Craft and graft at heart of Celtic's 'easy' win

HUGH MacDONALD, Chief Sportswriter November 03 2008

Hearts 0 Celtic 2

It takes a lot of work to make a victory look this easy. There will be questions raised about the quality and commitment of Hearts at Tynecastle yesterday afternoon but both were put into perspective by a Celtic performance that had its solid foundations in industry and its spectacular adornment in flashes of pure technique.

The latter was exemplified by Shaun Maloney's superb strike that set Celtic on the road back to the top of the Clydesdale Bank Premier League. It followed an Andreas Hinkel free kick that was punched powerfully away from goal by Janos Balogh. Fatally, however, it fell to the feet of the Scottish internationalist who drove it home first time from 25 yards.

Just seven minutes had passed, but the match had been settled not just by Maloney's strike but with the attitude that accompanied, indeed preceded it. Gary Caldwell's scrambled effort, with the aid of a hand, at the back post after Balogh had saved a Scott McDonald header made the deficit simply unassailable for a Hearts side that rarely threatened and never looked to win the individual or collective battles.

The glamour of Manchester United beckons on Wednesday night but this was an afternoon for the working jaicket with the touch of a time-served man. No one personified this mixture of craft and graft more than Barry Robson. There have been doubts about his effectiveness at the highest level of the Champions League but the midfielder was made for afternoons such as this.

He left the field after 76 minutes of effort and no little skill. With Paul Hartley he stamped his authority on the midfield and on the match. Hearts could not compete in this area with Michael Stewart falling far short of the form that brought him a Scotland call-up. His team-mates were devoid of passion off the ball and of enterprise on it.
Champions on easy street after early goal

Tynecastle had been billed as a bear pit in waiting for Celtic. It so often has been in the past but Celtic prospered under the winter sun yesterday afternoon. Robson, Hartley and their fellow workers drew the heat from the fixture with an application of cold professionalism.

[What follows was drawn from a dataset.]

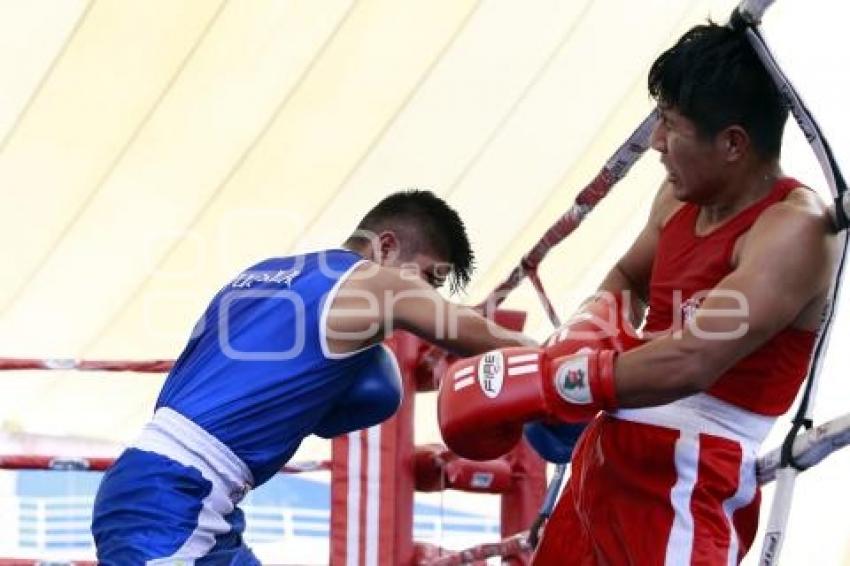 TORNEO DE LOS BARRIOS DE BOX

One tiny vignette perhaps can explain much. Midway through the first half, after Celtic had ensured that Hearts knew they were playing a side that would not back down, Maloney won a high ball in midfield from Deividas Cesnauskis and then chased the loose ball to win a 50-50 tackle with the Lithuanian winger. One has become accustomed to Maloney's dramatic interventions with ball at feet but his aerial prowess had so far escaped notice.

The little midfielder, though, was surely just following the combative example of Hartley and Robson and the discipline of Scott Brown, who defused any threat Hearts posed on their right flank.

The only slight irritation for Celtic was a missed penalty after six minutes of the second half. Marius Zaliukas had pulled McDonald back as the Australian striker ran on to a Cillian Sheridan flick. Craig Thomson, correctly, awarded both a penalty and a red card to the centre-back. Hartley slid the ball past the right-hand post in the only poor moment of an excellent afternoon for the former Hearts player.

It made a difference to the scoreline, but not the result. Celtic, with a man advantage, continued to work, ensuring that a Hearts comeback only existed in the realm of fantasy. Stripped of the need to score another, Celtic's industry was more than enough to nullify Hearts.

The moments of skill were still almost exclusively performed by those in a hooped jersey with Brown revelling in his return to Edinburgh with an increasing verve and mischief.

There were other major plusses for Celtic. Stephen McManus and Caldwell were tough and unforgiving in central defence. Mark Wilson was superb at left back, matching ferocious tackling with an aptitude for enterprise on the overlap.

Even those who might be considered to have been on the periphery of victory made a contribution. McDonald's effort was unquestioned and his header, after Robson had diverted Hartley's corner, led to the second, clinching goal. His darting run also produced a penalty but this was an afternoon when the striker had few chances but a surfeit of work.

His partner, Sheridan, was rarely influential in an attacking sense but he never tired of chasing lost causes. Christophe Berra, Hearts' best player on the day, comfortably dealt with the youngster but Sheridan showed one or two touches of promises and many of endeavour.

The pace of the match dropped after the sending off of Zaliukas but still Hearts were unable to threaten. McManus and Caldwell stood firm and Artur Boruc grasped everything cleanly. The home side only ever hinted at breaching a resolute Celtic defence. Christian Nade's bulk occasionally caused a minor alarm as did the delivery of Bruno Aguiar but this was as comfortable as it ever can be at Tynecastle for Celtic.

Indeed, the champions were allowed to drop to the level of workmanlike for most of the second half. Victory at Tynecastle was celebrated joyously by the support but for a professional Celtic side this was just another day at the office.

The overtime on Wednesday night promises to be more demanding.